⟨

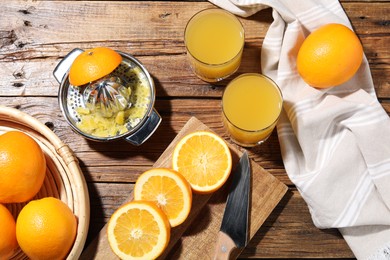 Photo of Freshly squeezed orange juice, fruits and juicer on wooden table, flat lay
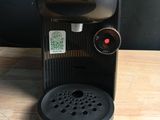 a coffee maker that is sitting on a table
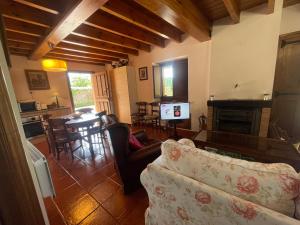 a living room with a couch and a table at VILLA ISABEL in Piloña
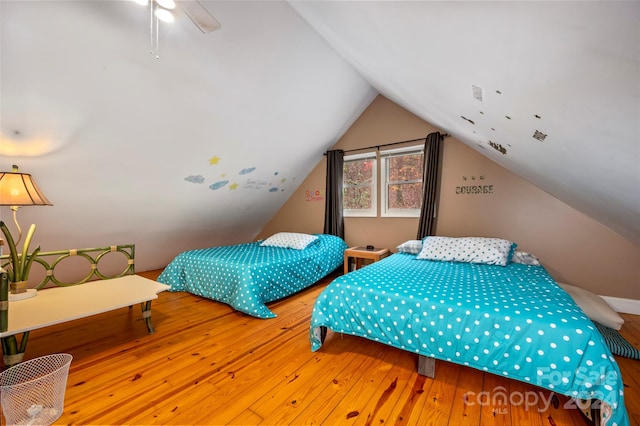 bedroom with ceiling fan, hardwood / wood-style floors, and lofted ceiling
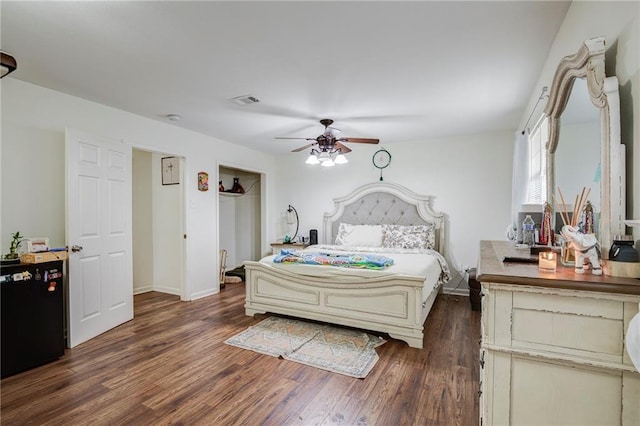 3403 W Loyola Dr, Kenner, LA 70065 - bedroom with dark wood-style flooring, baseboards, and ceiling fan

⟩

Copy out the material exactly as it stands, though no picture should appear in the copy.

 Photo of Freshly squeezed orange juice, fruits and juicer on wooden table, flat lay
 a coffee maker that is sitting on a table
 a living room with a couch and a table at VILLA ISABEL in Piloña
 bedroom with ceiling fan, hardwood / wood-style floors, and lofted ceiling
 3403 W Loyola Dr, Kenner, LA 70065 - bedroom with dark wood-style flooring, baseboards, and ceiling fan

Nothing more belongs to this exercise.